Juniorzy Iskry znów pokazali się z dobrej strony, i mimo braków w kadrze pewnie odesłali Turbię do domu z wynikiem 4:1, ciekawie realizując wszystkie wytyczne. Było to piąte zwycięstwo juniorów w tej rundzie.
Skład : Turek(73' Gawroński) - Adamiak, Banasiak, Puk, Żarów - Jajkiewicz, Sykuła - Bednarek(70' Dul) - Maciągowski, Kołodziej, Biernat.
Dla nas był to mecz, który koniecznie musieliśmy wygrać i widać to było na boisku. Młodzież od razu rzuciła się do ataku, a goście nie raz mogli poczuć ulgę że nasze natarcia w ofensywnym ustawieniu nie zakończyły się bramką. Nie mogło się podobać jedynie to, że zamiast wykorzystywać co mieliśmy to "bawiliśmy się" z przeciwnikami. To mogło się zemścić dwukrotnie, gdy po błędach zbyt wysoko ustawionej obrony powinniśmy stracić gola w 28' minucie. Grający dziś dobry mecz na lewej stronie Paweł Żarów zapuścił się zbyt daleko. Tam poszła kontra, po której goście fatalnie skiksowali w sytuacji 2 vs 2. Odpowiedzieliśmy szybkim atakiem czterema podaniami. Cross Maciągowskiego z lewej strony przyjął niepilnowany Jajkiewicz i uderzył mocno wolejem z kąta z sześciu metrów, jednakże prosto w bramkarza. Goście próbowali też szczęścia z dystansu, jednak strzał z 18.metra po rękach bramkarza zatrzymał się na słupku bramki.
Od 30' minuty osiągnęliśmy już zdecydowaną inicjatywę a nasze akcje były składne i szybkie, co zaowocowało dwoma golami. W 35' minucie Michał Jajkiewicz minął jak pachołki pięciu rywali i po przebiegnięciu czterdziestu metrów wystawił piłkę Kołodziejowi. Ten w sytuacji sam na sam nie dał szans bramkarzowi. Pięć minut później ten sam zawodnik pewnym strzałem z podobnej sytuacji strzeleckiej podwyższył wynik meczu na 2:0. Do przerwy prowadziliśmy więc dwoma golami.

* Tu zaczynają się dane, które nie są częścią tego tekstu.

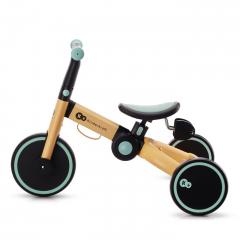 Bicicleta echilibru - Tricicleta Kinderkraft - 4Trike, Sunflower Blue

Po zmianie stron niewiele się zmieniło. Dalej atakowaliśmy, choć naszym celem głównie było nie stracić sił i rozważnie grać piłką. Nasza ławka nie prezentowała się przecież obiecująco... (dni Tarnobrzega, brawo, brawo panowie...). Trzeciego gola strzeliliśmy dopiero w 68' minucie, kiedy to piłkę z lewej strony otrzymał Damian Biernat i uderzeniem z 16.metra w krótki róg zdobył swojego trzeciego gola w lidze, a piątego ogólnie.
Czwartego gola zdobył wprowadzony pięć minut wcześniej Sylwek Dul. Zgodnie z poleceniem trenera po rzucie rożnym atakował krótki róg i ładnym strzałem głową zdobył swojego pierwszego gola w sezonie. Brawo !
Końcówka meczu dała się już we znaki zarówno jednemu, jak i drugiemu zespołowi. Gracze Turbii zdołali zdobyć gola na 4:1 po głupiej stracie w piłki w środku pola w 85' minucie, jednakże apelacje naszych zawodników o przyjęciu piłki ręką przez napastnika gości zostały zignorowane...
Kolejne trzy punkty dla Iskry po nawet niezłej grze. Nawet, ponieważ wiadomo że stać nas na dużo więcej i mam nadzieję że udowodnimy to w kolejnych meczach. W środę rozegramy bój o kolejne trzy punkty w Gorzycach z Sanem Wrzawy.